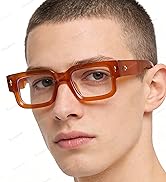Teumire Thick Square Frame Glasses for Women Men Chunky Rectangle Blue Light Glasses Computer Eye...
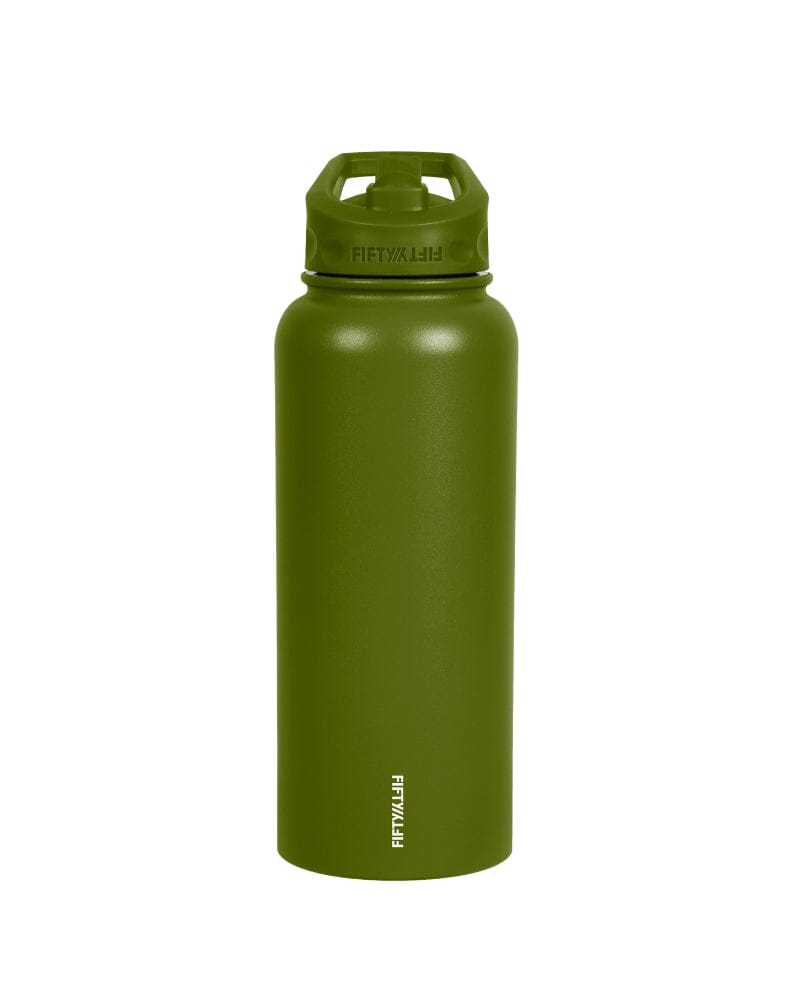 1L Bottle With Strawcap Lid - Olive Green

* * *

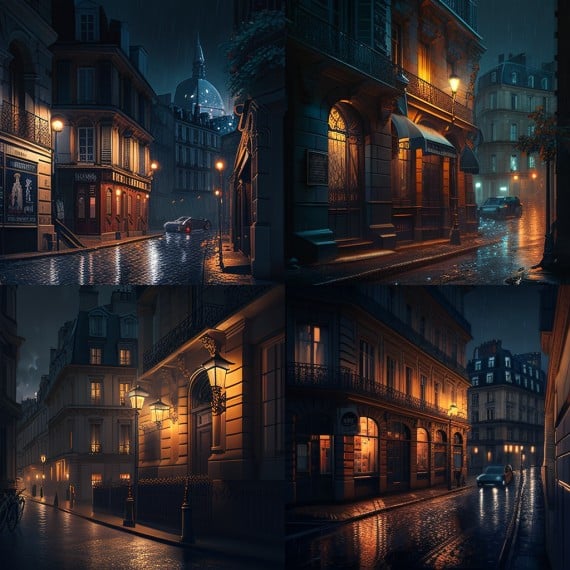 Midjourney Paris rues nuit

Task description: An exact copy is needed of the stretch above that opens with the line containing "Teumire Thick Square" and closes with the line containing "1L Bottle With Strawcap Lid - Olive Green"; the pictures are not part of it.

Task result:
Teumire Thick Square Frame Glasses for Women Men Chunky Rectangle Blue Light Glasses Computer Eye...
 1L Bottle With Strawcap Lid - Olive Green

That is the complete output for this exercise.